The following cities have neighborhoods that scored the highest when it comes to consumer entertainment spend:
- Baltimore, MD
- Boston, MA
- Chattanooga, TN
- Columbia, MO
- Green Bay, WI
- Detroit, MI
- Los Angeles, CA
- New York, NY
The Profile of an Entertainment Spender
MaxPoint looked into neighborhoods in the Detroit and New York metro areas to determine the neighborhoods within these areas that trend the highest on entertainment spending. MaxPoint also developed a profile of the neighborhood residents, including their demographics and interests.
Within the Detroit metro area, the top neighborhoods were: Bloomfield Hills, Birmingham, Franklin, Lake Orion Heights, Orchard Lake and Troy. MaxPoint found that the spenders in these neighborhoods typically make $100,000 a year, own their homes and have college degrees. They trend high on interest in topics such as the economy, law, the government, sports and yoga. Typically, their purchases are focused in the following categories: cell phone services, department stores, insurance, mass grocery stores and women’s apparel stores.

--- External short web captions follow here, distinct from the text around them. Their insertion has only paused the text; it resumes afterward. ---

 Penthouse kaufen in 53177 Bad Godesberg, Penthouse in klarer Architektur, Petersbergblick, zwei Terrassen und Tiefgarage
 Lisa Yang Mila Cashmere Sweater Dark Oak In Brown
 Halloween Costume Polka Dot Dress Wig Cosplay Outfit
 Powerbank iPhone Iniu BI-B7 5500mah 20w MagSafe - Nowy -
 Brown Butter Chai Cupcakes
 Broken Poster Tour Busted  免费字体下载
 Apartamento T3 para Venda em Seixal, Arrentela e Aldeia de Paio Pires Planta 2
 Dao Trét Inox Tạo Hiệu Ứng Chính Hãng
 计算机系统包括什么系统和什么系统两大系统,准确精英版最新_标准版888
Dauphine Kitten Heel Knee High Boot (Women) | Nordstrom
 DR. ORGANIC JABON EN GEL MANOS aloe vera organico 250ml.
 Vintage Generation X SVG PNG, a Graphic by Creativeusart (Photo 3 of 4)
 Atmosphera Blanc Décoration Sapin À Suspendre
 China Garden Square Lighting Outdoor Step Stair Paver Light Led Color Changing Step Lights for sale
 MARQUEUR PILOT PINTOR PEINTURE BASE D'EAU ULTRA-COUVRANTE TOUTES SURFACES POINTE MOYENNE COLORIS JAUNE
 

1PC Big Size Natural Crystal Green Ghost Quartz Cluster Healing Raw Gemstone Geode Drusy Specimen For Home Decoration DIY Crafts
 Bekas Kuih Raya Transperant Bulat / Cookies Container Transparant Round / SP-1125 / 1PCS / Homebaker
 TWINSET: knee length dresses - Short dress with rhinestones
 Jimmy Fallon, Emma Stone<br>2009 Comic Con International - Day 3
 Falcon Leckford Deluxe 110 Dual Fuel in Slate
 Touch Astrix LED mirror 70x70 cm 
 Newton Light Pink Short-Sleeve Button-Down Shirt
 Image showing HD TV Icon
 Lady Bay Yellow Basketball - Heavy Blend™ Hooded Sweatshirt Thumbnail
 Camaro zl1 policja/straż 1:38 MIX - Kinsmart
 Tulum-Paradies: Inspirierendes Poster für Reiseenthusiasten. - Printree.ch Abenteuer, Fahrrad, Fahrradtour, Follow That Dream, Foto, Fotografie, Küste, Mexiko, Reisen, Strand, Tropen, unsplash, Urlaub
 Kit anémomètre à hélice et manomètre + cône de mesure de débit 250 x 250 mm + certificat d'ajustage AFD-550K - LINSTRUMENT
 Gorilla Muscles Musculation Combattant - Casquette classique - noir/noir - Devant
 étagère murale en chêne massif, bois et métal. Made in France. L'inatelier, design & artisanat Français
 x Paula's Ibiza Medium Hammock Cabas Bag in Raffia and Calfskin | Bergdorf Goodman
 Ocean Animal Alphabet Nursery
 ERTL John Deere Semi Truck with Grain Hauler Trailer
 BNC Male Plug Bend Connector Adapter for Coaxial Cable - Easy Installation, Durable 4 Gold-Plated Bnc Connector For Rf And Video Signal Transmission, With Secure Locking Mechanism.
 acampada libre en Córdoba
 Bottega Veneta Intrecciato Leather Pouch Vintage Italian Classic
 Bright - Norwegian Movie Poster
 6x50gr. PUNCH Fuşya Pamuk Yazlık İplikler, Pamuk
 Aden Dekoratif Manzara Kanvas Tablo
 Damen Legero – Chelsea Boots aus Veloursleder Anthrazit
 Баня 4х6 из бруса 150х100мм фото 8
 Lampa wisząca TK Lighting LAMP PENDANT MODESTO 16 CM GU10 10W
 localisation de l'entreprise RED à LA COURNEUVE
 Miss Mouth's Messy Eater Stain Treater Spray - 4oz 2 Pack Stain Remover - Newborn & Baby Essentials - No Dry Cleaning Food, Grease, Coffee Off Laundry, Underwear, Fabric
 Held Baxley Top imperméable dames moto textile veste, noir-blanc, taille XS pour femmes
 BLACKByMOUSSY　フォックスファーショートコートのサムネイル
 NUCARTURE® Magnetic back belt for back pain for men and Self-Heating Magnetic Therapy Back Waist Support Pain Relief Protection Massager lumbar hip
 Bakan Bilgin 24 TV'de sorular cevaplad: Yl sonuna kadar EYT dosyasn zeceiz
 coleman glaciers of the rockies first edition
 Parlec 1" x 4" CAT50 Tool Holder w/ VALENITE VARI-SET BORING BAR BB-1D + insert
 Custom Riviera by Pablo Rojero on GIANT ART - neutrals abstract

In the New York metro area, Greenwich Village, Nolita, SoHo and the West Village are the neighborhoods that spend the most on consumer entertainment. Consumers in these neighborhoods tend to be between the ages of 35-54, have college degrees and have incomes of more than $100,000 per year. These consumers tend to spend a lot of time online reading content about business, finance, the economy, food and drink trends and sports. Based on MaxPoint’s analysis of credit card spending patterns in these neighborhoods, they spend the most in the following categories: children’s apparel stores, department stores, family apparel stores, shoe stores and women’s apparel stores.
Using MaxPoint’s ability to cull information from multiple offline and online data sources (analyzing more than a petabyte worth of data each day), entertainment advertisers can pinpoint qualified customers at scale and reach enough of them to boost their ticket sales, DVD sales or attendance at concerts, sporting events or amusement parks. And, by focusing on only the most relevant neighborhoods, the advertisers keep their costs down and their ad spend efficient.
“Entertainment continues to be one of the biggest categories in terms of where consumers spend their disposable income,” said Gretchen Joyce, COO of MaxPoint. “The key is to look at both purchase data and interest data so that advertisers have a better guide to spend their budgets on only the most responsive neighborhoods. When armed with this information, they are able to more effectively reach mass quantities of the right consumers with their messages and offers, and ultimately drive more store traffic, event attendance and sales.”
Interest Data in Action
MaxPoint used its Digital Zip technology to run hyperlocal digital advertising campaigns for several entertainment-related companies’ campaigns, including:
- A major hotel venue that wanted to sell tickets for a concert that would take place in the hotel. To help them, MaxPoint targeted neighborhoods, in and near the city, with residents who had spent money at the hotel, made more than $70,000 per year and had high purchases in the entertainment category. As a result, the campaign resulted in a click-through rate (CTR) of more than double the industry average.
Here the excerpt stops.